One way the updated CMS requirements make it easier for institutions to take up or maintain a TAVR program is by cutting back on the number of procedures they need to do each year. Also eliminated is the old rule that two surgeons had to approve each TAVR case; this is to be replaced by heart-team decision-making.
But it's not all good news for small centers. Major professional societies -- including the American Association for Thoracic Surgery, the American College of Cardiology, the American Society of Echocardiography, the Society for Cardiovascular Angiography and Interventions, and the Society of Thoracic Surgeons -- have proposed to organize valvular heart disease treatment throughout the country into a tiered system, similar to that of stroke and trauma treatment.
Level I centers are expected to perform all interventional and surgical procedures (including MitraClip and left atrial appendage closure) and house advanced imaging modalities, whereas Level II hospitals can offer at least transfemoral TAVR and SAVR.

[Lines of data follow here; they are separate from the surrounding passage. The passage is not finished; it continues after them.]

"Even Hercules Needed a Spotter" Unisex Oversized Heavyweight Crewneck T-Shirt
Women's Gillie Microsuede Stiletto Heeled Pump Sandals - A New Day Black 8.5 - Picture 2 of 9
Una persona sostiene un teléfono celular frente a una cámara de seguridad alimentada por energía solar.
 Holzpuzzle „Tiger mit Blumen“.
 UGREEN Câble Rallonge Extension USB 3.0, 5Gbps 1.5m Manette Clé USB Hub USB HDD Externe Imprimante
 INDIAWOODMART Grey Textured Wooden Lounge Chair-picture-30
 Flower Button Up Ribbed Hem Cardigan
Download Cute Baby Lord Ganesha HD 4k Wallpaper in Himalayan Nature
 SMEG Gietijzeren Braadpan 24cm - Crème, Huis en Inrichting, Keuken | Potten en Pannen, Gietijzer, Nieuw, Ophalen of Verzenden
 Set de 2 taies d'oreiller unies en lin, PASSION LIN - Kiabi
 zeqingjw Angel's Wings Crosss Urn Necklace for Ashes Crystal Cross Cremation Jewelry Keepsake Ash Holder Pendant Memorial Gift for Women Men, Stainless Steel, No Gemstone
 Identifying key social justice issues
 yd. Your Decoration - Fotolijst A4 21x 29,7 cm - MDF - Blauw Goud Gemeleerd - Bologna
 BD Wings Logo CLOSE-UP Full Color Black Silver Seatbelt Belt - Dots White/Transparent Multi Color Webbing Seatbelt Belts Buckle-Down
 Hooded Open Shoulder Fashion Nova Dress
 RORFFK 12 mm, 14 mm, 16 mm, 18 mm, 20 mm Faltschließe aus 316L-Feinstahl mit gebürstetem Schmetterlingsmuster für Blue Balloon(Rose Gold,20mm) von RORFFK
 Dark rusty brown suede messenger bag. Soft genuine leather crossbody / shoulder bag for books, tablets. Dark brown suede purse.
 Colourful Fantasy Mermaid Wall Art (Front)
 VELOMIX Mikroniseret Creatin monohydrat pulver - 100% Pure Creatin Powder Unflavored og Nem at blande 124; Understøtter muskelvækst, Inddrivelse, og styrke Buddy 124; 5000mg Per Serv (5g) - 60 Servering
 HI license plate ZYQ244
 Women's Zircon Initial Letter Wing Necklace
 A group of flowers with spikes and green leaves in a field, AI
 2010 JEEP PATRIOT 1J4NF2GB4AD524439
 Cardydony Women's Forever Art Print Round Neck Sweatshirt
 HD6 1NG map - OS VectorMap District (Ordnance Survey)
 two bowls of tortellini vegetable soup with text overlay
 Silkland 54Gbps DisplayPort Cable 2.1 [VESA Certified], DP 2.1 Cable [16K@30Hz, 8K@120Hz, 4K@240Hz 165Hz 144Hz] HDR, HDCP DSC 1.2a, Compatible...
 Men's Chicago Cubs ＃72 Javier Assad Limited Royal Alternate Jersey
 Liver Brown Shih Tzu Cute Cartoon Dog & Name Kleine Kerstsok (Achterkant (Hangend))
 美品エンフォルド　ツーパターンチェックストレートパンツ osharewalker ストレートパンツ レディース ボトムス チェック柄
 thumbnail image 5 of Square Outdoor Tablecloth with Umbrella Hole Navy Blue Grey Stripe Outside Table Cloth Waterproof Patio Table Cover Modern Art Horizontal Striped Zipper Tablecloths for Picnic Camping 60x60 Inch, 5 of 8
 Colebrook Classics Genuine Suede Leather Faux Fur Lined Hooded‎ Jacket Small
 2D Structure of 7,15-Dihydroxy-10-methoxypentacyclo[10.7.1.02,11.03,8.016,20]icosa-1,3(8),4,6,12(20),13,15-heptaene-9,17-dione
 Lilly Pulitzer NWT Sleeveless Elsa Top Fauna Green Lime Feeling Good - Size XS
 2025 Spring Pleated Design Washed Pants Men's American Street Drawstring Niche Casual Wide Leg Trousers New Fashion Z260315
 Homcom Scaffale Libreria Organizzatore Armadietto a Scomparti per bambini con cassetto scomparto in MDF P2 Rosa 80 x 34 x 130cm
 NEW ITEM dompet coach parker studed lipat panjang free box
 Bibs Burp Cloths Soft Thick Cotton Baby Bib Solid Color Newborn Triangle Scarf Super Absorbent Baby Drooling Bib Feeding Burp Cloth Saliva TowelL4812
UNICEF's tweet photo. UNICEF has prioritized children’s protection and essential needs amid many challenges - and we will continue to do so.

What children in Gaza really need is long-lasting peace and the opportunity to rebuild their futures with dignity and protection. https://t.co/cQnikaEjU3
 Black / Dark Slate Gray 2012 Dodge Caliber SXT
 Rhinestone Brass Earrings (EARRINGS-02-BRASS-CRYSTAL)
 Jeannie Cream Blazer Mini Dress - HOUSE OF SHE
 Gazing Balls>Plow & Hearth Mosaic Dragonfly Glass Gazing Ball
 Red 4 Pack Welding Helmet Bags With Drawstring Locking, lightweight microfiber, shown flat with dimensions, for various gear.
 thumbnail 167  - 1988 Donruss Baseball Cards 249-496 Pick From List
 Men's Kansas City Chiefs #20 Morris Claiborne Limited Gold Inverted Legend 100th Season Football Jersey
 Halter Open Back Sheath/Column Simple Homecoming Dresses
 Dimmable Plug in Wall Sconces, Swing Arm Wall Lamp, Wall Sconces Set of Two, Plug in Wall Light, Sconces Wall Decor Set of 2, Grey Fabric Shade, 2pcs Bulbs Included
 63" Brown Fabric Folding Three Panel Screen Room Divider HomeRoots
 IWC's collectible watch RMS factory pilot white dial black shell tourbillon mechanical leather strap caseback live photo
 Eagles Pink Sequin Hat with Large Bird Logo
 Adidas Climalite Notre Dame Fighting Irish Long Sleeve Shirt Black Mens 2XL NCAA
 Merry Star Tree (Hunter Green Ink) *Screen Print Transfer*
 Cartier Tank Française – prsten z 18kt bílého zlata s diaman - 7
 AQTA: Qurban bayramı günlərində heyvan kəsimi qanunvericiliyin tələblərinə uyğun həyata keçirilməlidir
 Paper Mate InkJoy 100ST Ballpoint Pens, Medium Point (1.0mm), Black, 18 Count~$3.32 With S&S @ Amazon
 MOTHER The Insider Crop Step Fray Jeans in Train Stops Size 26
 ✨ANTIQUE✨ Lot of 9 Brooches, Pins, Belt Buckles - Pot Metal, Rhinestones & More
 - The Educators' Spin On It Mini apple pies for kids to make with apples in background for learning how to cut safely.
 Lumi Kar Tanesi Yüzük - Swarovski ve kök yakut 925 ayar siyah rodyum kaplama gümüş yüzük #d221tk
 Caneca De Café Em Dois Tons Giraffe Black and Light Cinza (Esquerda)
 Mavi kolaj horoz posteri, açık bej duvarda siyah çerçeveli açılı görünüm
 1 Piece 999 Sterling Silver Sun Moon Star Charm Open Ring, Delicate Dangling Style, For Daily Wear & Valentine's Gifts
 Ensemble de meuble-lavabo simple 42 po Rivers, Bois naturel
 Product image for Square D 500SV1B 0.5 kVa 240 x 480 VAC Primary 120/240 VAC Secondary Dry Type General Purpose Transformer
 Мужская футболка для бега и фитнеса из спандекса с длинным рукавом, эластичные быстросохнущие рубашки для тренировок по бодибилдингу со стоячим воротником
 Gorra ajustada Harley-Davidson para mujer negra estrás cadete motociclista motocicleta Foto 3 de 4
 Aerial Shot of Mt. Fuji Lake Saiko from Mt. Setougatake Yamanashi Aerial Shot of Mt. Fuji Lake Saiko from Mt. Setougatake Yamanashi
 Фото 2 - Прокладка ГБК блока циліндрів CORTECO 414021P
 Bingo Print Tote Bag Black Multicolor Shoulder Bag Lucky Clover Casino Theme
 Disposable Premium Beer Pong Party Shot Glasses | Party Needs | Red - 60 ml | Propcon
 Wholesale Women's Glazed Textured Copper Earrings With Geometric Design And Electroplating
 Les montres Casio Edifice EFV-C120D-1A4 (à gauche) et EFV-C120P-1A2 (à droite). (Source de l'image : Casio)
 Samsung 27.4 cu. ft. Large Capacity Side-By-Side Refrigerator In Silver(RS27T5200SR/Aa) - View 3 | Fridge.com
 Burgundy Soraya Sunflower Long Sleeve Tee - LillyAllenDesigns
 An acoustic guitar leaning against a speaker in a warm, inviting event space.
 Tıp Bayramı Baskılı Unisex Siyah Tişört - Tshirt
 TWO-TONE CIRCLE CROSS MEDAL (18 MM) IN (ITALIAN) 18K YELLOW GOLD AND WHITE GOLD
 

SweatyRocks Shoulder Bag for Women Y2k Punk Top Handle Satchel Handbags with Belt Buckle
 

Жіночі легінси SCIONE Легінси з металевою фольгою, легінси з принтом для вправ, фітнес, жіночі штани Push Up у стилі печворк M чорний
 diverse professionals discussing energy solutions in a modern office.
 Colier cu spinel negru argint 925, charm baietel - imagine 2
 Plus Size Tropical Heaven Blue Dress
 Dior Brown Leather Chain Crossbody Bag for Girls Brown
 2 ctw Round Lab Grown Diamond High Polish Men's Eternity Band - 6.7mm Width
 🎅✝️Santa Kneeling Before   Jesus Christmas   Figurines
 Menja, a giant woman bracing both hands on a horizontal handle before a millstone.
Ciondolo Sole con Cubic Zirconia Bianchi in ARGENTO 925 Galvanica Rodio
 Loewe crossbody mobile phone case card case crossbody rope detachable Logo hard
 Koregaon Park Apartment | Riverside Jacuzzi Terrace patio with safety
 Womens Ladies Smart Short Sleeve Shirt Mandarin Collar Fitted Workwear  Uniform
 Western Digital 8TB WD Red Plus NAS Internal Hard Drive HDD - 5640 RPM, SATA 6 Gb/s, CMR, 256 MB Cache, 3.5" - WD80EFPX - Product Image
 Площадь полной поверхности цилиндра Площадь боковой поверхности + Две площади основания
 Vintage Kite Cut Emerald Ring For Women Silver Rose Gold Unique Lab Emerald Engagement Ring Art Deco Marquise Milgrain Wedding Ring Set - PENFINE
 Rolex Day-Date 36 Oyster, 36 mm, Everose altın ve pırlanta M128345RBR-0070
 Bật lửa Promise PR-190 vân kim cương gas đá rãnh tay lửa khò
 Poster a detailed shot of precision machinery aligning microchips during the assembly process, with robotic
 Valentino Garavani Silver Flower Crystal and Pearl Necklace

This plan was seen by some as shutting out the competition from smaller hospitals and potentially exacerbating the touchy issue of access for people in certain geographic locations.
Nevertheless, "[w]ith the coverage decision and a green light for low-risk patients, the floodgates will soon open as more hospitals, especially smaller community hospitals, begin to perform TAVR," an interventional cardiologist and two surgeons from Banner-University Medicine Heart Institute in Phoenix, noted in a opinion article.
"While this is amazing news that will provide better options for patients, we have some concerns about the rapid growth of TAVR," they wrote.
"Better access to TAVR should not mean poorer quality. A strategy for better access and sustained quality is pairing new centers with sister organizations. Rather than going back to 2011 and reinventing an effective process, new centers can partner with sister organizations to consult and refer difficult cases to the higher-volume center," the group added.
In the meantime, operators and researchers continue trying to iron out the kinks in TAVR with new techniques (such as leaflet laceration to split valve leaflets) and redesigned devices.
Many already want to take things further by expanding the procedure to a wider population: Some are interested in whether TAVR works for aortic stenosis patients with bicuspid valves, while others ask the same question of those with aortic regurgitation.
Notably, though, TAVR devices for use in low-risk patients with aortic stenosis have yet to be approved by the FDA.